When Swiss architect Pierre Jeanneret devised a teak-and-cane chair in the 1950s, his reasoning was simple: The people needed seats. The design was just one of several by Jeanneret that would be produced by the thousands for Chandigarh, India, the utopian city created by his cousin Le Corbusier.
The chair’s V-shaped legs, hewn from humidity- and bug-resistant Burma teak by local artisans, were sturdy. And their durability would be put to the test decades later in Chandigarh, when, as people gravitated to more contemporary designs, discarded Jeanneret chairs piled up across the city—from the roof of the High Court to the balconies of administrative buildings. Many were sold as scrap at local auctions for a few rupees.
Enter: the dealers. In the early aughts, Eric Touchaleaume of Galerie 54, François Laffanour, Philippe Jousse, and Patrick Seguin began making trips to the remote city to snap up the junked treasures. “We said, Let’s take the risk of buying these, and we’ll see what happens,” says Laffanour, who showed a cache of expensively restored Chandigarh pieces at Design Miami in December.

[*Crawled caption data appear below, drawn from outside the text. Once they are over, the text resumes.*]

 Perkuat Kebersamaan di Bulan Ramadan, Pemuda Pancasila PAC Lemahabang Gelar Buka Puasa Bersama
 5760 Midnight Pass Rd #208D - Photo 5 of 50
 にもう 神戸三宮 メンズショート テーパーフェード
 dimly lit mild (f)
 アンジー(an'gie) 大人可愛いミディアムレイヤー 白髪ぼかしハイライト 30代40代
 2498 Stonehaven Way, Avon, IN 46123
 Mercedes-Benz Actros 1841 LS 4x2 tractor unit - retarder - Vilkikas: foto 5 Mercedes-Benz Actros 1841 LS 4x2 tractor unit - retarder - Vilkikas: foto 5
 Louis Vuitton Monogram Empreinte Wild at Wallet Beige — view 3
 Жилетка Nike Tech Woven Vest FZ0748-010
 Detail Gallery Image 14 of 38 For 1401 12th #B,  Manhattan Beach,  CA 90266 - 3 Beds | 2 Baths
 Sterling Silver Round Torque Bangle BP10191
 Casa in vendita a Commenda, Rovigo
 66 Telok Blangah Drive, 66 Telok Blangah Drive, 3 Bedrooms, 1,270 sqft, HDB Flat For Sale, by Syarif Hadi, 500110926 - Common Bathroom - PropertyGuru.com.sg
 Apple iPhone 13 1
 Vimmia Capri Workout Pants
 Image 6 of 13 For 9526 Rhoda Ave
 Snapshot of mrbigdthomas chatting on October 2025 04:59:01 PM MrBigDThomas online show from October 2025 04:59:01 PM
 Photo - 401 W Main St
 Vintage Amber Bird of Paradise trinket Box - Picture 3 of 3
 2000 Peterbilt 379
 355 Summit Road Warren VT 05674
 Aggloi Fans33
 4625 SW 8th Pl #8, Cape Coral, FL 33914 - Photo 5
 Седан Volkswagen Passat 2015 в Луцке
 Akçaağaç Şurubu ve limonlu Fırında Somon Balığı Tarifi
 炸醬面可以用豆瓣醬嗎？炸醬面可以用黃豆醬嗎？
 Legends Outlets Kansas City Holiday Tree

Since its rediscovery, the chair has become a favorite of Belgian designer Axel Vervoordt and French talent Joseph Dirand. “It’s so simple, so minimal, so strong,” the latter says. “Put one in a room, and it becomes a sculpture.” These days, clusters of them adorn celebrity homes, including Kourtney Kardashian’s (she owns at least 12). And as more and more creep onto the market, both refurbished originals and unofficial reproductions, a chair that was once common is becoming oh-so-familiar yet again.